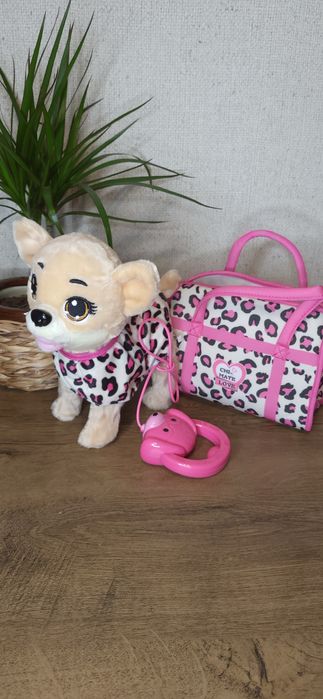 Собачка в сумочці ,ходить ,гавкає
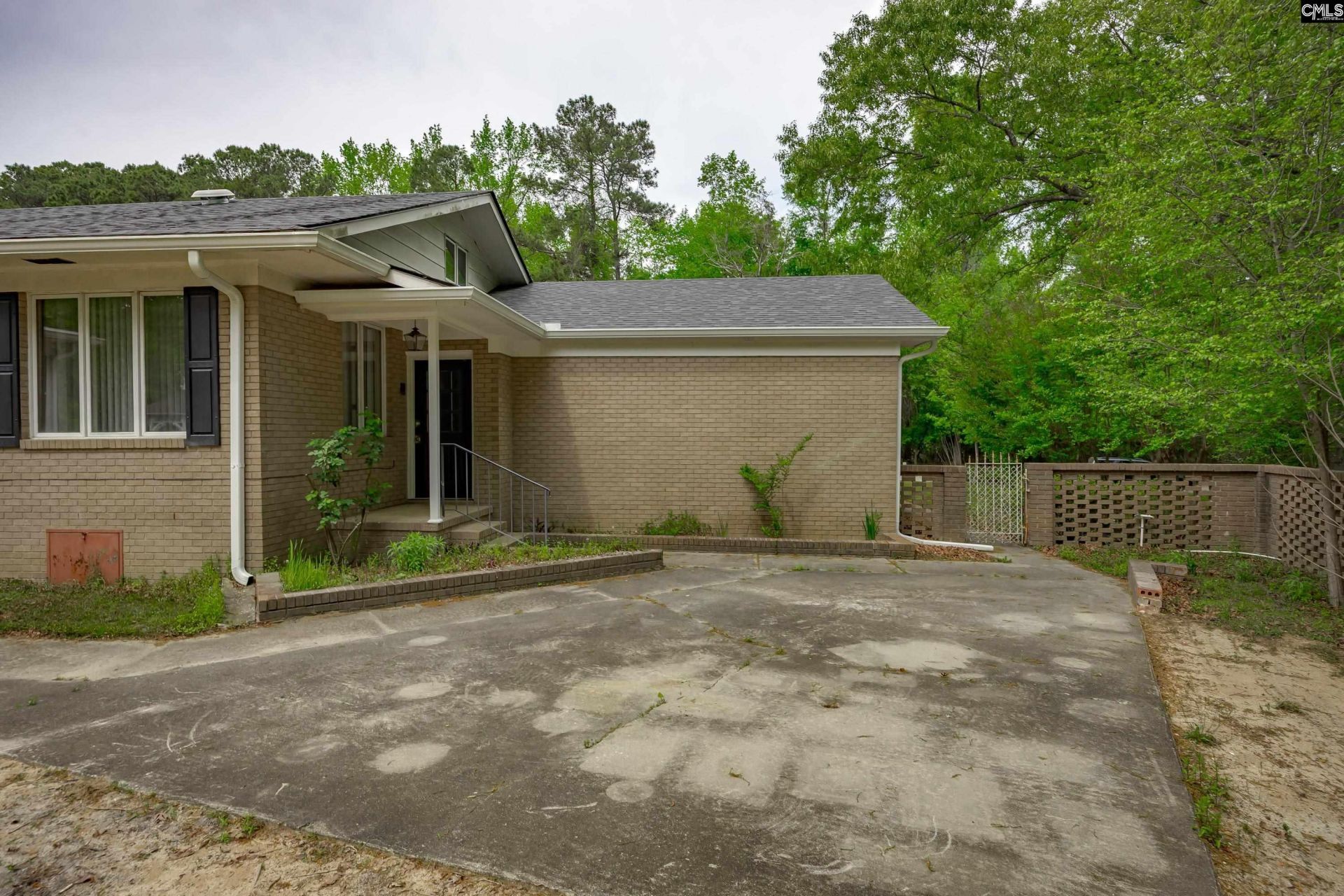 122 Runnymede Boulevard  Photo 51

————

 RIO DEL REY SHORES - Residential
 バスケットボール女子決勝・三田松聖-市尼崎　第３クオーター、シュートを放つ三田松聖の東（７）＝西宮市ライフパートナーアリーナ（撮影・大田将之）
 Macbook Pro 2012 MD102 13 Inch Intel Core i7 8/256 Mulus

————

§ Directions for this task:
Give back, word for word, only the lines above from the line holding "バスケットボール女子決勝・三" to the line holding "Macbook Pro 2012", both included.

§ Solution to this problem:
 バスケットボール女子決勝・三田松聖-市尼崎　第３クオーター、シュートを放つ三田松聖の東（７）＝西宮市ライフパートナーアリーナ（撮影・大田将之）
 Macbook Pro 2012 MD102 13 Inch Intel Core i7 8/256 Mulus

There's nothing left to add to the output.